▸ Description of the task: Go to the line with "HOLEILUCK Metal Figure" in the entries below and write out every line from there through the line with "20mm Leather BLACK Watch Band Fits Swatch", exactly and without pictures.

(Records)

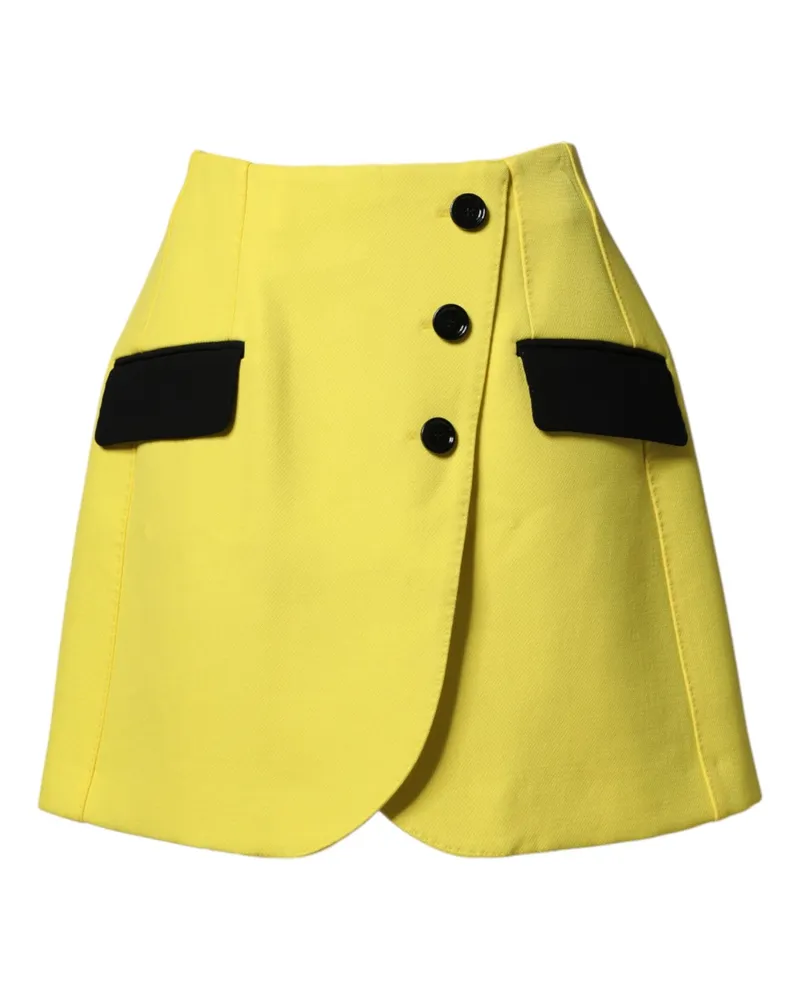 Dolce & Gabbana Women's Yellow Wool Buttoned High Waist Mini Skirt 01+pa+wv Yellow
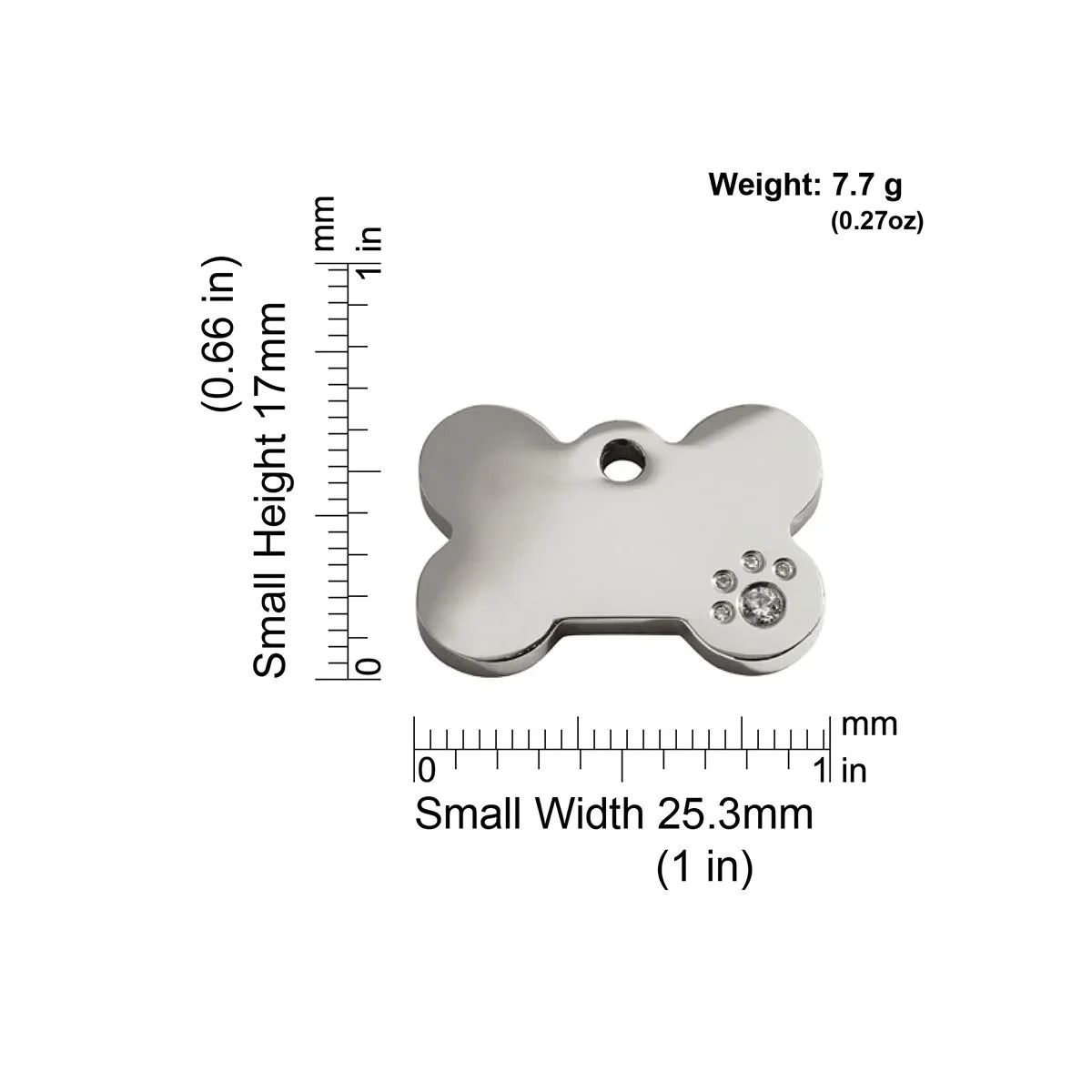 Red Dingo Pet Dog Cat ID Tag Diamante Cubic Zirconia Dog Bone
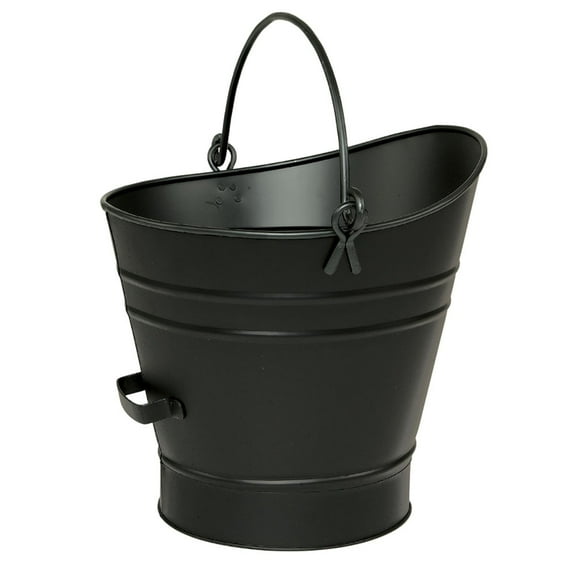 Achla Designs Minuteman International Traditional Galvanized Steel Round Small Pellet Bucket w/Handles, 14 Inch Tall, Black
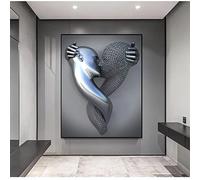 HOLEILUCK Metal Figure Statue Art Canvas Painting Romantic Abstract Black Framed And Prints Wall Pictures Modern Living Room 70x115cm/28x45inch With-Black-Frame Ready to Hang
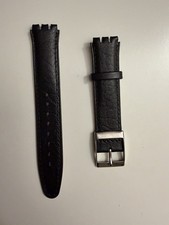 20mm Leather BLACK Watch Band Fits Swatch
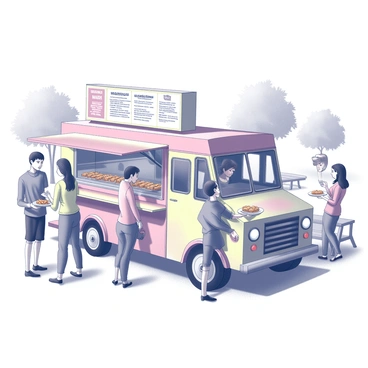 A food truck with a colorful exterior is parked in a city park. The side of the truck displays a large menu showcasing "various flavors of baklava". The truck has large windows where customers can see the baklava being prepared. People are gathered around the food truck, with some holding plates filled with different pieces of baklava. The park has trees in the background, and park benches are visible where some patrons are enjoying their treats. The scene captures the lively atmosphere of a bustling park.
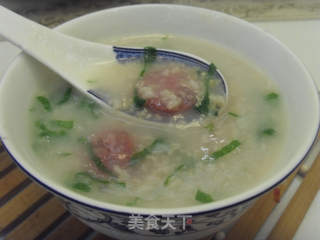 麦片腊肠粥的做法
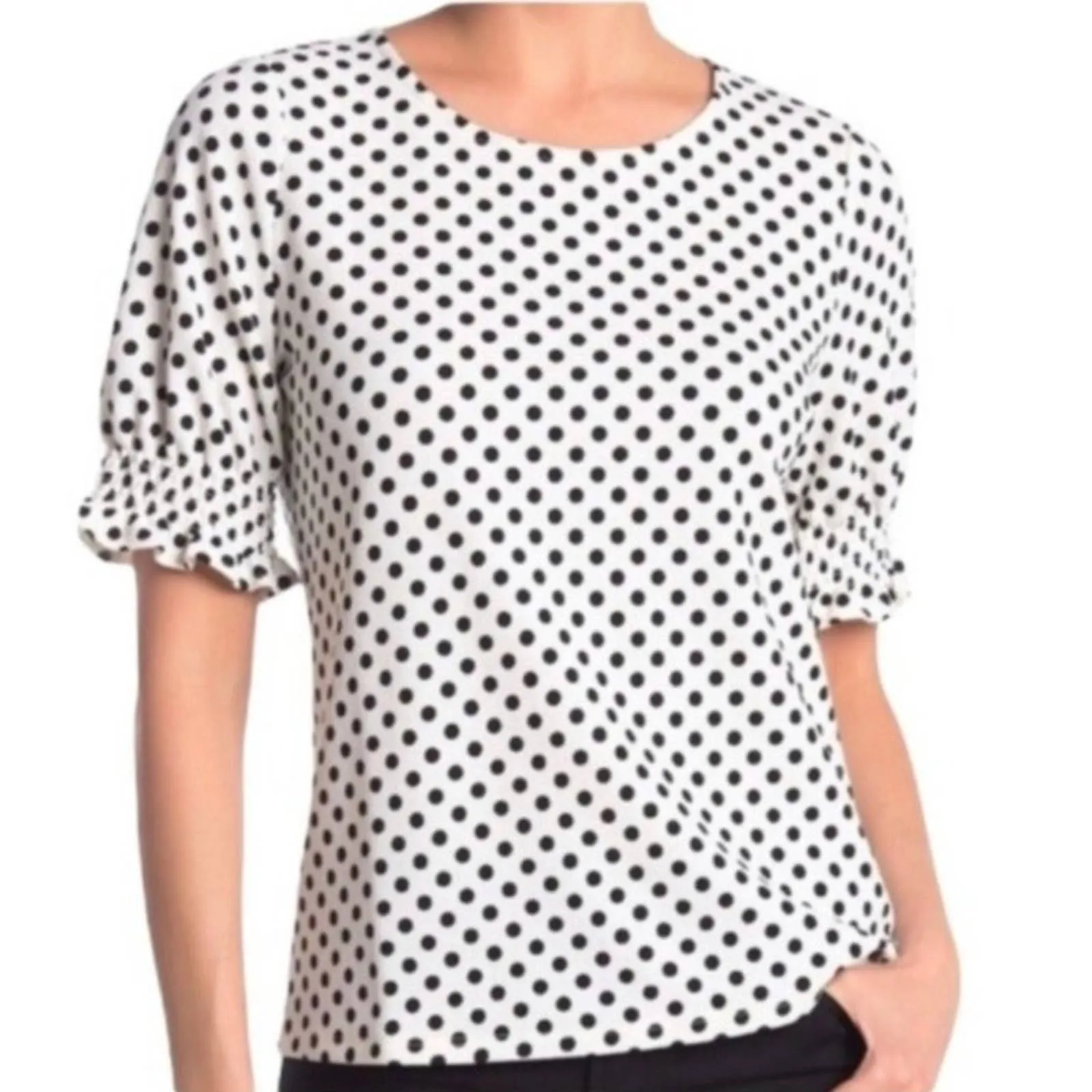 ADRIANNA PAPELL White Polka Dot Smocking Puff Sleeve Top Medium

(End Records)

▸ Exercise answer:
 HOLEILUCK Metal Figure Statue Art Canvas Painting Romantic Abstract Black Framed And Prints Wall Pictures Modern Living Room 70x115cm/28x45inch With-Black-Frame Ready to Hang
 20mm Leather BLACK Watch Band Fits Swatch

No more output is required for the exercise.